Moyer made his debut with the Cubs back in 1986, but I first remember him as an Orioles stalwart when I was growing up in the mid-nineties. In 1995, my dad and I made a trip to Cleveland to see the newly opened Jacobs Field and, on September 8th, we watched the Indians clinch their first playoff berth since 1954. Naturally, the berth came at the O’s expense (not much has changed…). Vizquel was on that Indians team, alongside guys like Albert Belle, Jim Thome, Kenny Lofton, Carlos Baerga and Manny Ramirez. And there’s more! This was a stacked team, not just in talent. I think it’s the quintessential 1990s baseball team, an assemblage of that era’s finest.
I am heartened to see these guys still at it. In Moyer’s first game, he got the win against Hall of Fame pitcher Steve Carlton (MLB debut, 1965). Phil Niekro was still in the league. So was Reggie Jackson.
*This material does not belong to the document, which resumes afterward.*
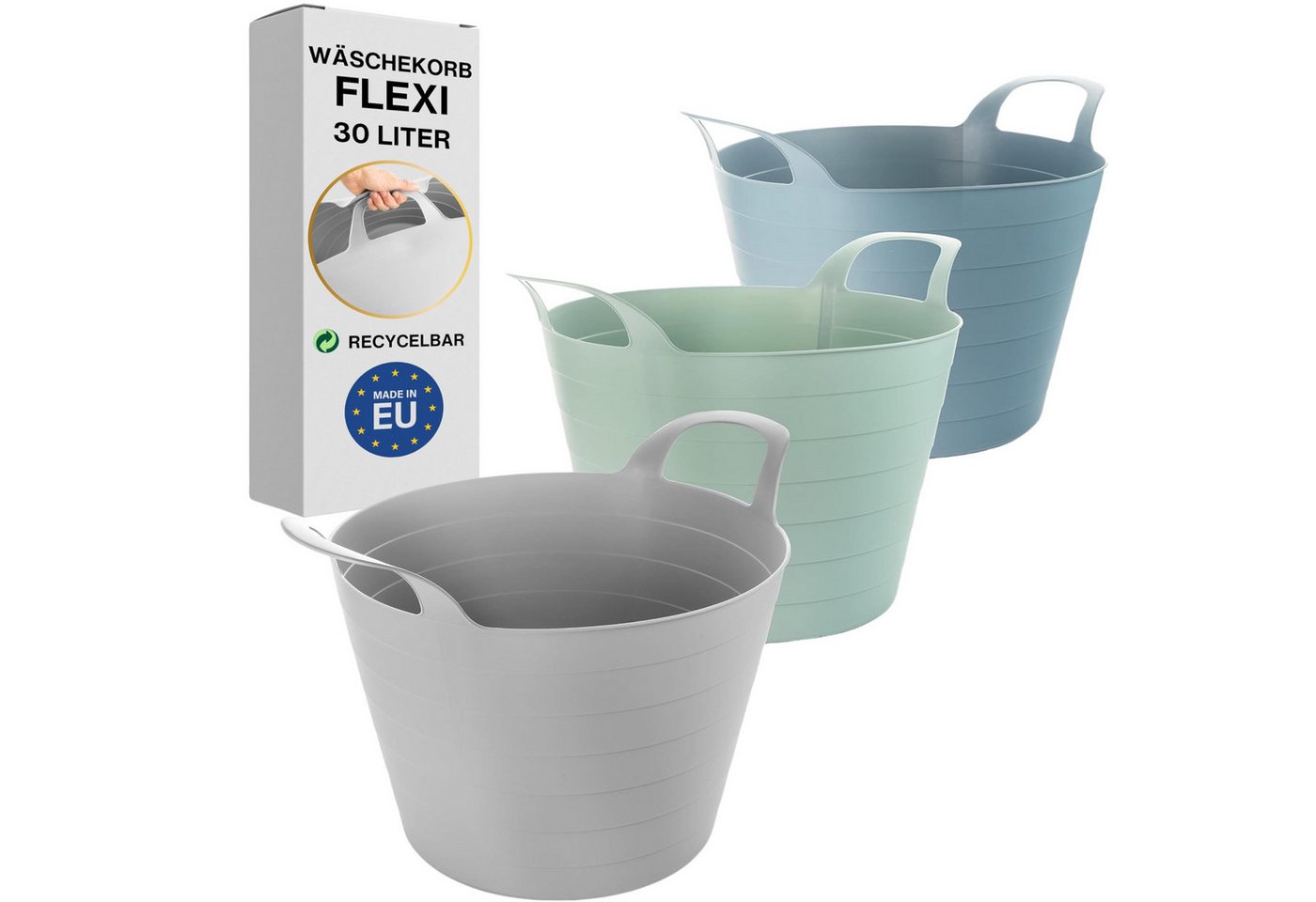 Centi Wäschewanne Geräumige Wäschewanne mit Griffen für Haushalt (2er-Set), Waschschüssel mit Griffen von Centi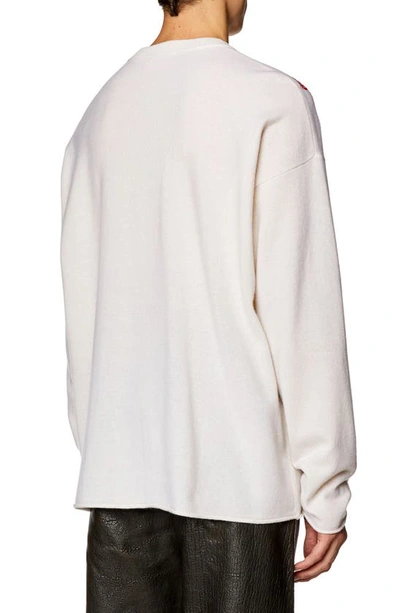 Shop Diesel K-floyd Logo Wool Sweater In Off White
When Vizquel broke in with the Mariners, he was coming up with other newbies you might have heard of: Ken Griffey Jr. and Randy Johnson (both retired and en route to the Hall of Fame). Moyer is already at the longevity level of guys like Julio Franco and Hoyt Wilhelm. Only Satchel Paige and a few others remain.
I might be team-less these days, an orphan fan ambling around the world of professional baseball, but hope is not lost. In an era of continued confusion over steroids and what it means for a player to have “value,” there is something steadfast in what players like Vizquel and Moyer represent. So I’ll root for them.
Where so much today is open to revision and counter reality (political beliefs, historical events), I am assured that some things can’t be called into question. We age, we grow older, we work. And sometimes, a couple of these rare certainties can overlap… and we can enjoy ourselves when they do.